▶ **ABOUT THIS TASK**
Ignoring the pictures, repeat every entry below exactly as it appears.

▶ **PROVIDED INFORMATION**
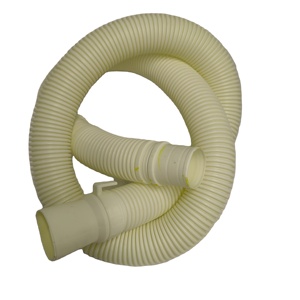 Tuyau d'extension <span class=keywords><strong>de</strong></span> <span class=keywords><strong>vidange</strong></span> beige en PVC, anti-odeur et anti-fuite, connecteur <span class=keywords><strong>de</strong></span> remplacement pour lave-linge manuel ou automatique - Product Image 1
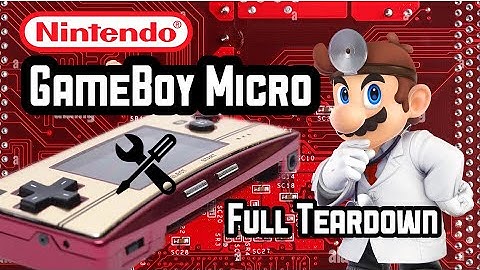 Gameboy Micro Full Teardown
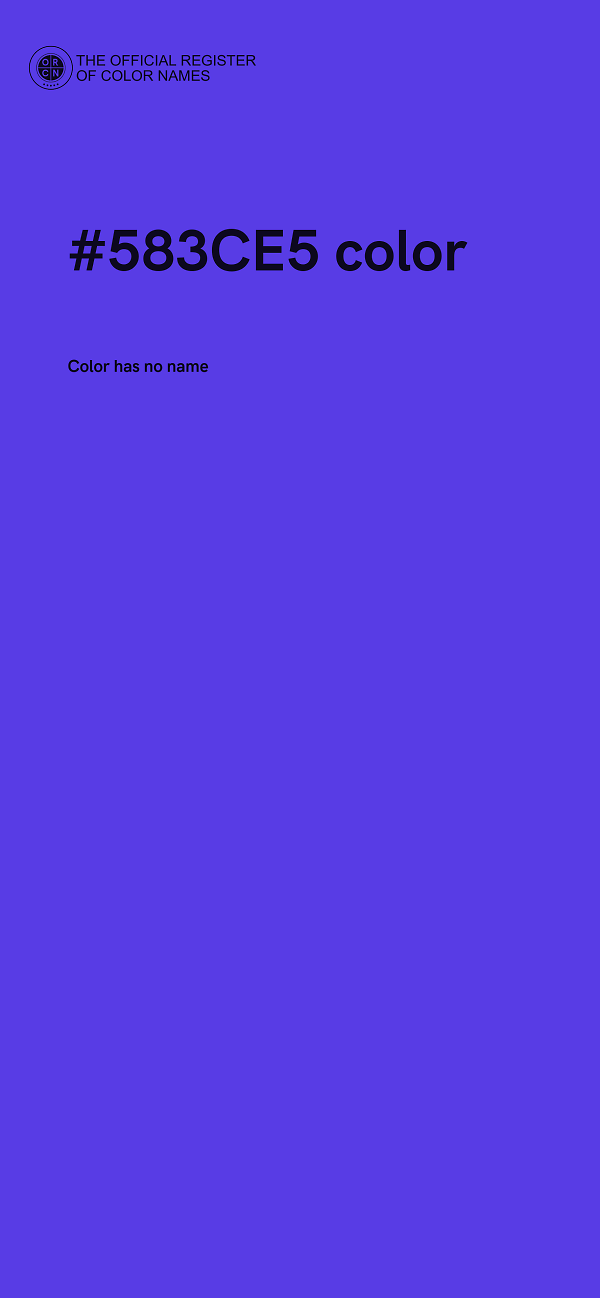 #583CE5 color image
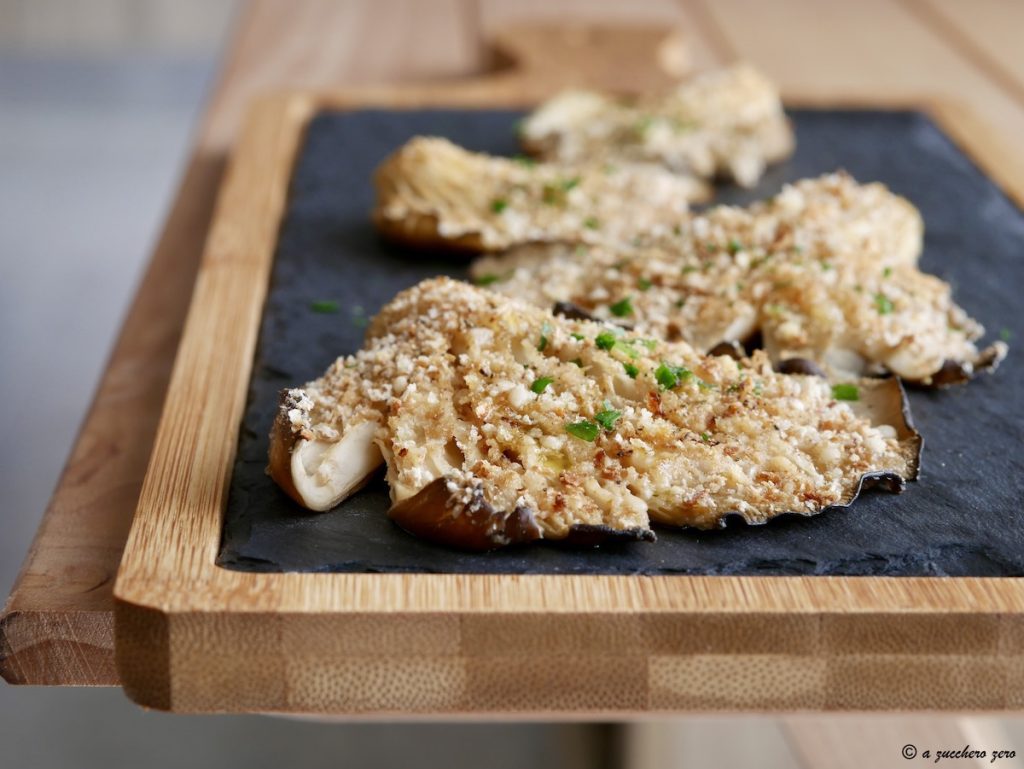 Champignons gratinés au four light cuits sans huile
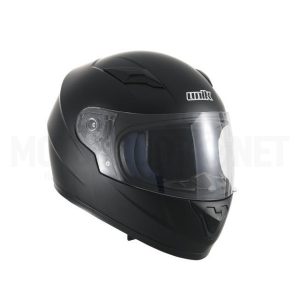 Capacete integral infantil Unik Space preto fosco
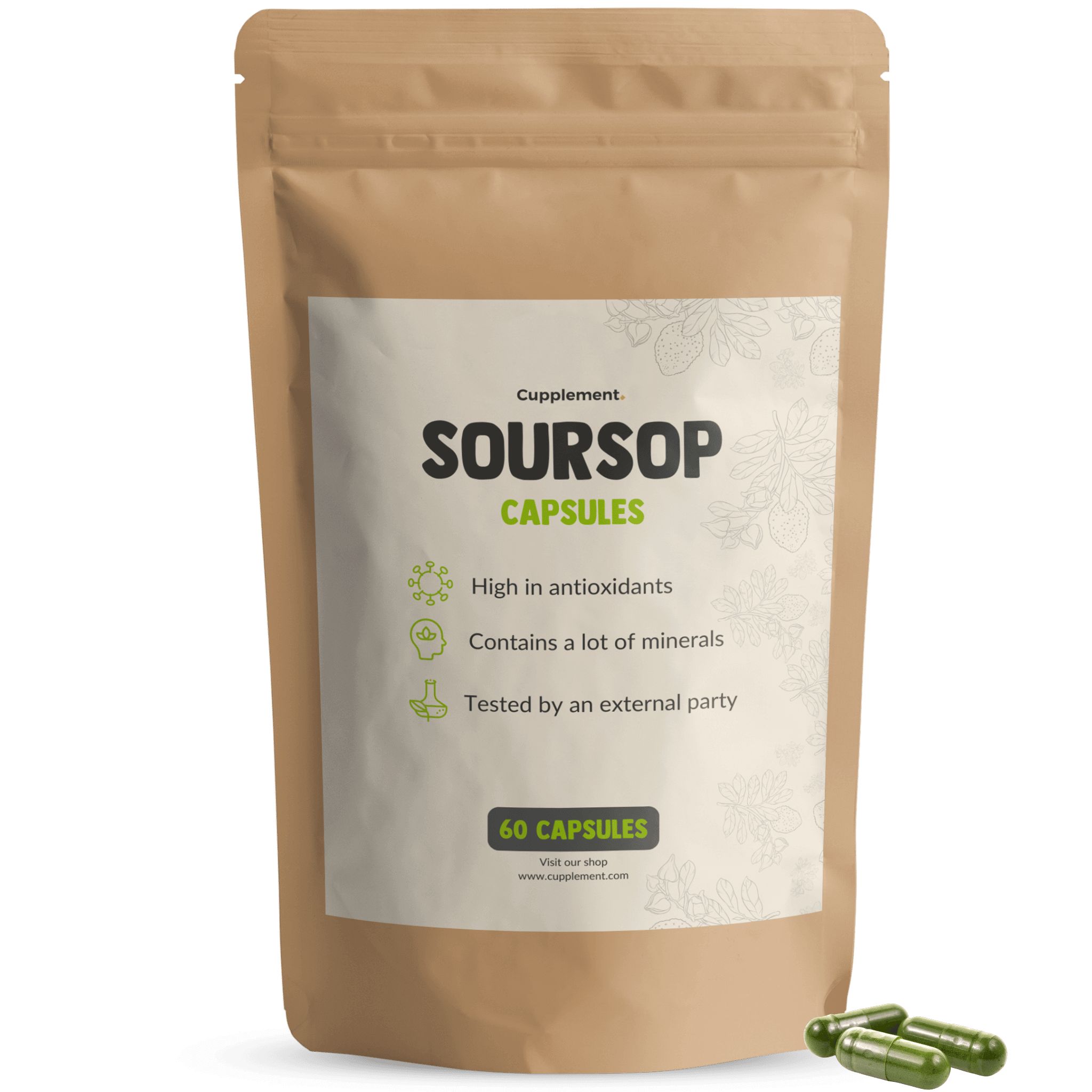 Cupplement - Soursop-Extrakt- 500 mg 60 St Kapseln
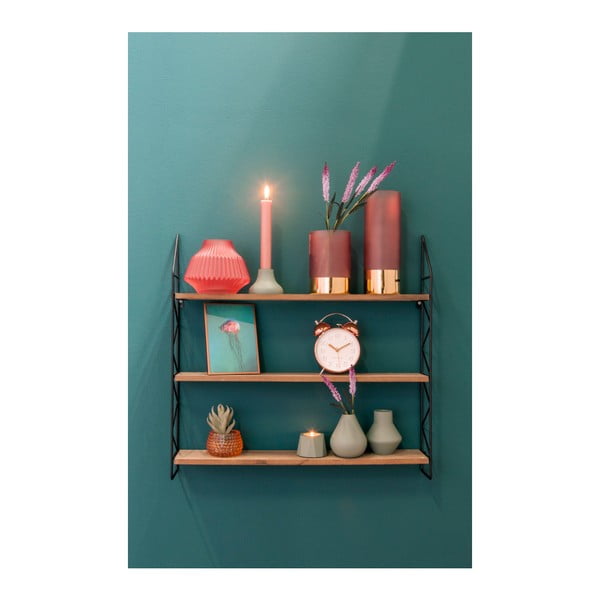 Rózsaarany színű váza, magasság 18,5 cm - PT LIVING-image-3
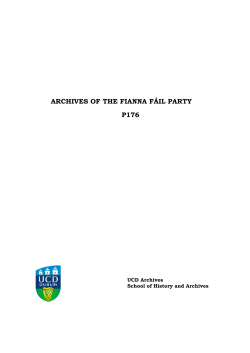 Descriptive catalogue - University College Dublin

▶ **OUTPUT FOR THIS TASK**
 Tuyau d'extension <span class=keywords><strong>de</strong></span> <span class=keywords><strong>vidange</strong></span> beige en PVC, anti-odeur et anti-fuite, connecteur <span class=keywords><strong>de</strong></span> remplacement pour lave-linge manuel ou automatique - Product Image 1
 Gameboy Micro Full Teardown
 #583CE5 color image
 Champignons gratinés au four light cuits sans huile
 Capacete integral infantil Unik Space preto fosco
 Cupplement - Soursop-Extrakt- 500 mg 60 St Kapseln
 Rózsaarany színű váza, magasság 18,5 cm - PT LIVING-image-3
 Descriptive catalogue - University College Dublin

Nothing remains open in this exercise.